A federal judge in Virginia allowed for the controversial removal of a Confederate Memorial in Arlington National Cemetery after a lawsuit filed by the group Defend Arlington initially led to a temporary order halting its removal, amid ongoing objections from Republican lawmakers and Virginia Gov. Glenn Youngkin.
“I saw no desecration of graves,” Alston said in court, per the Associated Press. “The grass wasn’t even disturbed.” Alston said that he issued the order halting the memorial’s removal after receiving a call that the graves around the memorial were being disturbed, but that he found that not to be the case when he subsequently toured the site himself, the Associated Press reported.
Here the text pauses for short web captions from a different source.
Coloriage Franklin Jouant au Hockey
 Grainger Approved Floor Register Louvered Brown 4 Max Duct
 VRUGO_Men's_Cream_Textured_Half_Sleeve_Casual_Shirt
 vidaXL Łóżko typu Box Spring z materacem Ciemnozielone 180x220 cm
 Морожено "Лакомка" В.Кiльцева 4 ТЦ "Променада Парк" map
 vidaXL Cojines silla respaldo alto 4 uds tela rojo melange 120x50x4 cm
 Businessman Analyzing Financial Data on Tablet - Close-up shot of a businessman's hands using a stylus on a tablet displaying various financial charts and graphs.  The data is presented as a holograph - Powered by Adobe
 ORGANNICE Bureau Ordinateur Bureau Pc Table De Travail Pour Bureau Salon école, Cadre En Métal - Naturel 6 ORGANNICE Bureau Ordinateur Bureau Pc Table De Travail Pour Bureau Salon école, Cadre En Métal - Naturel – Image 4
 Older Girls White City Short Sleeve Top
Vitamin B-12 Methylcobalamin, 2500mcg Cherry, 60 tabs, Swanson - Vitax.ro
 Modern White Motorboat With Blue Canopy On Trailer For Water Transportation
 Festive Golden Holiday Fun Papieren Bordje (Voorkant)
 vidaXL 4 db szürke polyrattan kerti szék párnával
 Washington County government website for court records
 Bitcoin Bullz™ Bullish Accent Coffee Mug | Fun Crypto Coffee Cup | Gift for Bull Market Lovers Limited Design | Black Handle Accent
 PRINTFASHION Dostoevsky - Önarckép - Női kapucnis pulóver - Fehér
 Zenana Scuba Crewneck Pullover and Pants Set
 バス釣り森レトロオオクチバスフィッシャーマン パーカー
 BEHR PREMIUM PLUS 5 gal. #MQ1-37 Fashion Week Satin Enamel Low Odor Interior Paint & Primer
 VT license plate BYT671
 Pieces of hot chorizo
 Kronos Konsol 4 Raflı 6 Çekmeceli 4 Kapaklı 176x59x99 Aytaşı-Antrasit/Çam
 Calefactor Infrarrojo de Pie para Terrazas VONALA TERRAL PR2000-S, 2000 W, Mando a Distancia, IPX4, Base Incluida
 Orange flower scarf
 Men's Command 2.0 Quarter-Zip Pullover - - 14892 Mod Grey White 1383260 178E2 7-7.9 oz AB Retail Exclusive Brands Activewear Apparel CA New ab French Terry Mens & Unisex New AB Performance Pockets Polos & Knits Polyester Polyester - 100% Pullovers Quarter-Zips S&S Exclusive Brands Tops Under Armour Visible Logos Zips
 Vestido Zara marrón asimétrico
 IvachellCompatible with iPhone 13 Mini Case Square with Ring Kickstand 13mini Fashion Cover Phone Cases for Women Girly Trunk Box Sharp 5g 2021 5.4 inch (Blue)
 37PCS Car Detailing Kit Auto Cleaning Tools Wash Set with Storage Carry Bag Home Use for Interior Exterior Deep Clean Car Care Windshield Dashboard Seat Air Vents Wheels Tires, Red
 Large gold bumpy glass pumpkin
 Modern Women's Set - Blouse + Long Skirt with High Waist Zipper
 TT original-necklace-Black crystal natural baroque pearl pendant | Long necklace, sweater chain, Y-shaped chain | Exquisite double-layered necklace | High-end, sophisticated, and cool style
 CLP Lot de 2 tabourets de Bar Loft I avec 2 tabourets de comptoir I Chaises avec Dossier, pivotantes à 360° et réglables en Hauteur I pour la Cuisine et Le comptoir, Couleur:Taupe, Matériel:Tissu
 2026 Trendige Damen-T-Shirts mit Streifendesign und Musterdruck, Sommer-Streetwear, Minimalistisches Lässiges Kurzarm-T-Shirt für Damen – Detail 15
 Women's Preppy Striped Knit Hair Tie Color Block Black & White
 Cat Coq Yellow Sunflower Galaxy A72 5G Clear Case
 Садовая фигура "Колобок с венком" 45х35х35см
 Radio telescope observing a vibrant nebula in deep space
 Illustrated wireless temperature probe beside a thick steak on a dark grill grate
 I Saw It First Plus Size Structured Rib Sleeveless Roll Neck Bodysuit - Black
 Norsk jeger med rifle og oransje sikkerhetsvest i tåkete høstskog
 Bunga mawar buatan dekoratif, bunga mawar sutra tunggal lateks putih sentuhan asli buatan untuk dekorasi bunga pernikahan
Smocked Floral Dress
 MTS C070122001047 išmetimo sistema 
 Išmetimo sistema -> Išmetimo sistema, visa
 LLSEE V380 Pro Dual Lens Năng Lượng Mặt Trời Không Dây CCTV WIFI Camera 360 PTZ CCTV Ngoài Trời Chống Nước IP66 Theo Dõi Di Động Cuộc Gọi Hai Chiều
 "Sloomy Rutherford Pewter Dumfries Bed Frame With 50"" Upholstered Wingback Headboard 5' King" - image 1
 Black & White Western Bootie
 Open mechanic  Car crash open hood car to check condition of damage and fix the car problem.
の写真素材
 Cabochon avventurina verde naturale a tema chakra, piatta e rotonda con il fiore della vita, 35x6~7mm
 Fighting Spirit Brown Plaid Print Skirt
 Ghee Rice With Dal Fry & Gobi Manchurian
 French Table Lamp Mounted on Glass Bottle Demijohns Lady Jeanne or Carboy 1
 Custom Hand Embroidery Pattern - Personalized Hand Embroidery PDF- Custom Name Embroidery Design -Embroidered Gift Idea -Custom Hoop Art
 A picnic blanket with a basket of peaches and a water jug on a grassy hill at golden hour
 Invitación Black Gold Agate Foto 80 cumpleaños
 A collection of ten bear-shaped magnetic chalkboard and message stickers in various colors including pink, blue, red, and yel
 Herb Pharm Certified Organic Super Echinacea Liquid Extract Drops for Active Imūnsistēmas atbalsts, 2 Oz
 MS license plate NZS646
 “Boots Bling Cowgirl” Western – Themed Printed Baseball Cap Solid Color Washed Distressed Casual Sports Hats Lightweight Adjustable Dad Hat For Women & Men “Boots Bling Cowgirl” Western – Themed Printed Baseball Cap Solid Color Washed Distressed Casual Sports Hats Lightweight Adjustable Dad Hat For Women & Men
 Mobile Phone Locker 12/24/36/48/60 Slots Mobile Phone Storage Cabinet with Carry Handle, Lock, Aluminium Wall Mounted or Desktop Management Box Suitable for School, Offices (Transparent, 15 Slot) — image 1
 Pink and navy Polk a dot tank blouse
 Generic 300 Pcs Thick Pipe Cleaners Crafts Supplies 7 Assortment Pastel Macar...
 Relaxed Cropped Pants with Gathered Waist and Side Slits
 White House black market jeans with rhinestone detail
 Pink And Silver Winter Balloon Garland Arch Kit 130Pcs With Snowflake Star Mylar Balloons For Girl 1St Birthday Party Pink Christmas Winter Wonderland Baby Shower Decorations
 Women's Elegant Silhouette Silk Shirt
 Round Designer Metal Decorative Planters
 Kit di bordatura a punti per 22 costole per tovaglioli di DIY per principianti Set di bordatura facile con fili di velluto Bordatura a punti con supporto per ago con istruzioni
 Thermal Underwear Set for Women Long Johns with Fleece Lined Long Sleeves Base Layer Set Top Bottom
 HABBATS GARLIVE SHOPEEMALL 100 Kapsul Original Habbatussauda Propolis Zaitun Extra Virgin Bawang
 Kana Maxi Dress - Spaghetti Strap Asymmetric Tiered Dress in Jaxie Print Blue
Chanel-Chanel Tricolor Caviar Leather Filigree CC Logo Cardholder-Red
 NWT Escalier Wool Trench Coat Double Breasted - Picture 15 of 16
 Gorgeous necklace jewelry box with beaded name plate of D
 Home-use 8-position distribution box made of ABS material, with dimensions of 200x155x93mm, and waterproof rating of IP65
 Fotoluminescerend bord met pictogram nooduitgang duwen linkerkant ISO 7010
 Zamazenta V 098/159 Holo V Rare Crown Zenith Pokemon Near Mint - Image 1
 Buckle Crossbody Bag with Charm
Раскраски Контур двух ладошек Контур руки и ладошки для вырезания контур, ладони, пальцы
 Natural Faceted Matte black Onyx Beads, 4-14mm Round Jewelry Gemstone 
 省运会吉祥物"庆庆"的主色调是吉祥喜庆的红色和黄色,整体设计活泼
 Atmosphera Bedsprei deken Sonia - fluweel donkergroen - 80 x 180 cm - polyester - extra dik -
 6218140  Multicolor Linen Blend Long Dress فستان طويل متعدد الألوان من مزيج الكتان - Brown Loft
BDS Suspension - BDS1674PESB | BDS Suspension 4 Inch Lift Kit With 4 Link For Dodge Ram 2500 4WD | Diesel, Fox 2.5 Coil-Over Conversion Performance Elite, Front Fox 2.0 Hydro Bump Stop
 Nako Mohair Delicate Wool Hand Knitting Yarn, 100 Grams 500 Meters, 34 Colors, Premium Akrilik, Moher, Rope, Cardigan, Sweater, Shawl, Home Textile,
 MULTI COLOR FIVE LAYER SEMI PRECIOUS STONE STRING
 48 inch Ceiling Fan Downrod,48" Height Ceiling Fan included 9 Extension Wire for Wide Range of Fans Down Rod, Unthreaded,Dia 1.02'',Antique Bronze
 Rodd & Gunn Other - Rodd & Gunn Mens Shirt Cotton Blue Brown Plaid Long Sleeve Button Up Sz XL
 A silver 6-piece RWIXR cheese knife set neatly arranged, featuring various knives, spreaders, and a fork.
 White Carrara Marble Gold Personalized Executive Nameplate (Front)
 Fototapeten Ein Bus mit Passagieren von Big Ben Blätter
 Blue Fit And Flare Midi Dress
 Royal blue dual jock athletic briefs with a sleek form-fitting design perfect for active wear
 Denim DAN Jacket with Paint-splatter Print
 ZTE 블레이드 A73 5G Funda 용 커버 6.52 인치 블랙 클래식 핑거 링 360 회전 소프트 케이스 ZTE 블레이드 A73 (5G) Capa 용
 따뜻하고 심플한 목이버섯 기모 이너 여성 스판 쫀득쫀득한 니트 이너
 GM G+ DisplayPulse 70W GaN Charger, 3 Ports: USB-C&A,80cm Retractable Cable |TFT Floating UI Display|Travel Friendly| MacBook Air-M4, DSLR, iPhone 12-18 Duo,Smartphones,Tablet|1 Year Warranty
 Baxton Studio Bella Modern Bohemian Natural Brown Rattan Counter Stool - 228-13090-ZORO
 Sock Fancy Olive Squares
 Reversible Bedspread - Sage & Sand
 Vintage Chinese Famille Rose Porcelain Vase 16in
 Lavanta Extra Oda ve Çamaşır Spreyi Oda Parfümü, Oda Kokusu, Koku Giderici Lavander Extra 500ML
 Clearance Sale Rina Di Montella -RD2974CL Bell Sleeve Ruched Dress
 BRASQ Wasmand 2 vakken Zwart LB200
The Naming Commission was established by Congress in 2021 in the wake of the police killing of George Floyd, as the country wrestled with debate over systemic racism and concern about the persistence of Confederate markers, monuments and names on military installment. The Commission, since then, has recommended the renaming or removal for several controversial installments, like Fort Bragg in North Carolina, named after a Confederate general and now renamed to Fort Liberty. The controversial 1914 Confederate memorial at Arlington National Cemetery is said to depict the “Lost Cause” narrative of the Civil War, a narrative that romanticizes the pre-Civil War South and denies the horrors of slavery. It features, among other things, an enslaved Black man following his owner into war and a Black woman carrying the infant of a white officer.The Naming Commission recommended removing the memorial last year as part of its efforts to rename and remove military monuments, ships and other installations commemorating the Confederacy. But the decision has generated blowback from Republican officials. A group of more than 40 congressional Republicans wrote a letter to the Department of Defense arguing that the memorial is not meant to commemorate the Confederacy, but to represent unity and national reconciliation after the Civil War. Virginia Gov. Glenn Youngkin has announced his intention to move the installment to another location.